51:0170(19)CA - - Hunter Holmes McGuire VA Medical Center, Richmond, Virginia and AFGE, Local 2145 - - 1995 FLRAdec CA - - v51 p170
[ v51 p170 ]
The decision of the Authority follows:
51 FLRA No. 19
FEDERAL LABOR RELATIONS AUTHORITY
DEPARTMENT OF VETERANS AFFAIRS
HUNTER HOLMES MCGUIRE VA MEDICAL CENTER
AMERICAN FEDERATION OF GOVERNMENT EMPLOYEES,
LOCAL 2145, AFL-CIO
DECISION AND ORDER
September 19, 1995
Before the Authority: Phyllis N. Segal, Chair; Tony Armendariz, Member.
I. Statement of the Case
This unfair labor practice case is before the Authority on the Respondent's exceptions to the attached decision of the Administrative Law Judge. No opposition to the exceptions was filed.(1)

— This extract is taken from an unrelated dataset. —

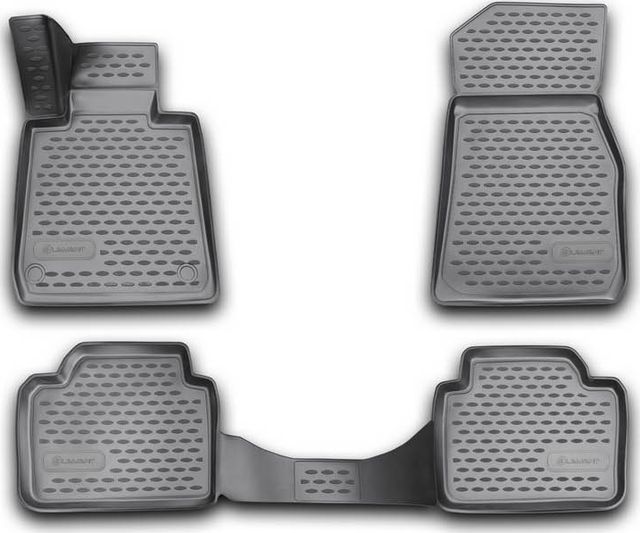 Коврики Element для салона BMW 3 F30 2012-2019. Артикул NLC.3D.05.31.210k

The complaint alleges that the Respondent violated section 7116(a)(1), (5) and (8) of the Federal Service Labor-Management Relations Statute (the Statute) by refusing to provide the Union with the Office of Personnel Management (OPM) rating appearing on a selectee's SF 171 form requested pursuant to section 7114(b)(4) of the Statute. The Judge concluded that disclosure of the requested information was not prohibited by the Privacy Act, 5 U.S.C. § 552a, and ordered the Respondent to furnish the requested information. Upon consideration of the Judge's decision, we hold that the Judge erred in concluding that disclosure of the requested information did not violate the Privacy Act. Accordingly, we dismiss the complaint.
II. Judge's Decision
The facts are fully set forth in the Judge's decision and are briefly summarized here.
The Union is the exclusive representative of a unit of Respondents' employees. Unit employees Larry Garnett and Elmo Scott applied for a vacant Maintenance Mechanic, grade WG-9 position. Although three employees, including Garnett and Scott, were found qualified for the position and certified to the selecting official for consideration, the Respondent did not select any of them. Instead, the Respondent posted another vacancy announcement for the same job, restricting eligibility to employees who either were working, or had worked, for the Federal Government at a grade WG-9 level or higher. Garnett and Scott were not eligible to apply for the position under the second announcement. The Respondent selected a candidate from outside the Veterans Administration to fill the position.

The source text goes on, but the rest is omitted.